[[ THE DATA open ]]
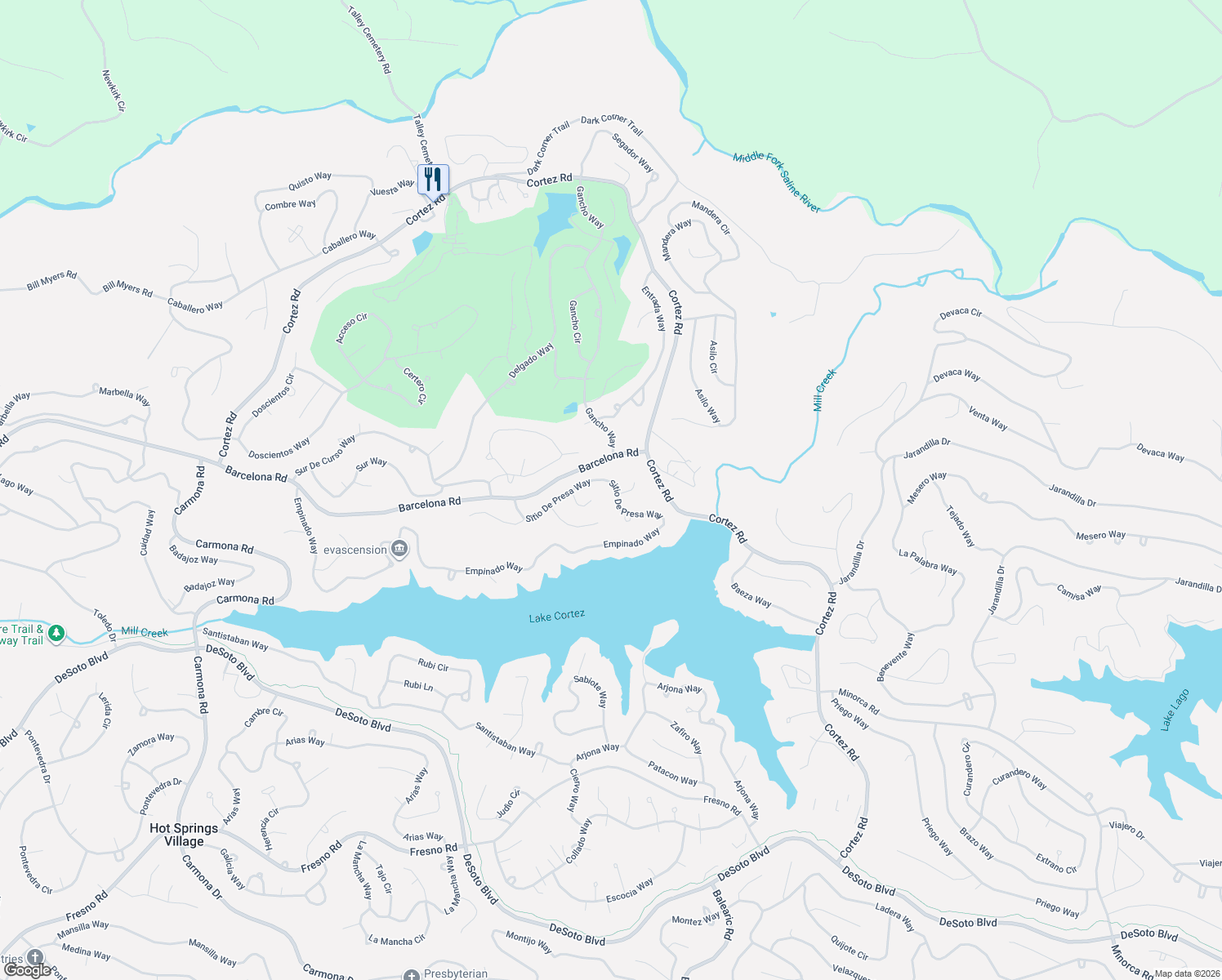 map of restaurants, bars, coffee shops, grocery stores, and more near 156 Empinado Way in Hot Springs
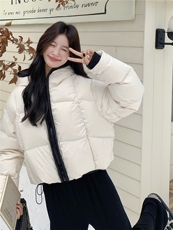 水衣源2783款短款连帽加厚保暖面包服茧形羽绒外套女，女装羽绒服，水衣源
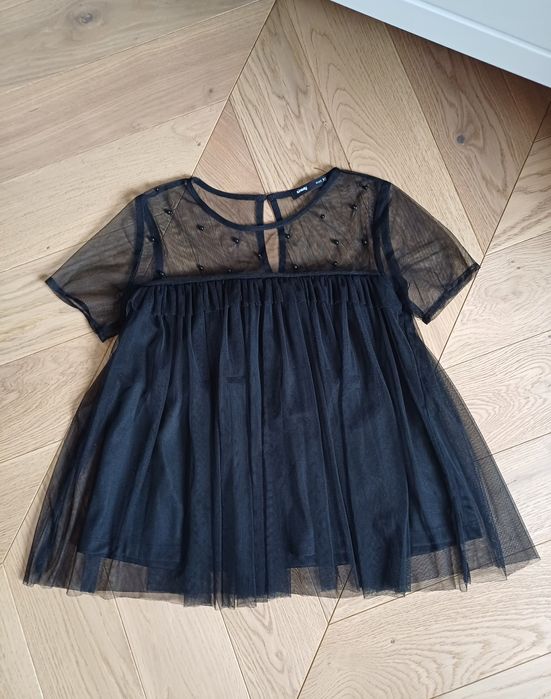 Bluzka czarna sinsay szyfonowa z perełkami XS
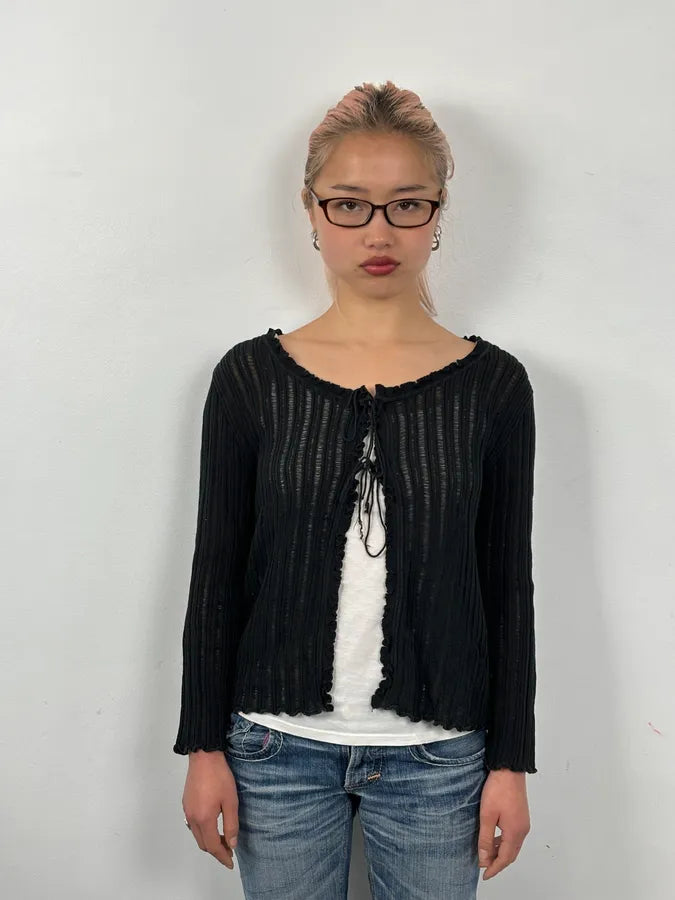 Moschino Black Ribbed Knit Cardigan Sweater njVwRyP 0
[[ THE DATA closed ]]
▸ **WHAT IS REQUIRED**:
Reproduce the lines of the data that run from the one containing "Bluzka czarna sinsay" to the final line, both included, exactly as they appear and without the pictures.

▸ **ANSWER BELOW**:
 Bluzka czarna sinsay szyfonowa z perełkami XS
 Moschino Black Ribbed Knit Cardigan Sweater njVwRyP 0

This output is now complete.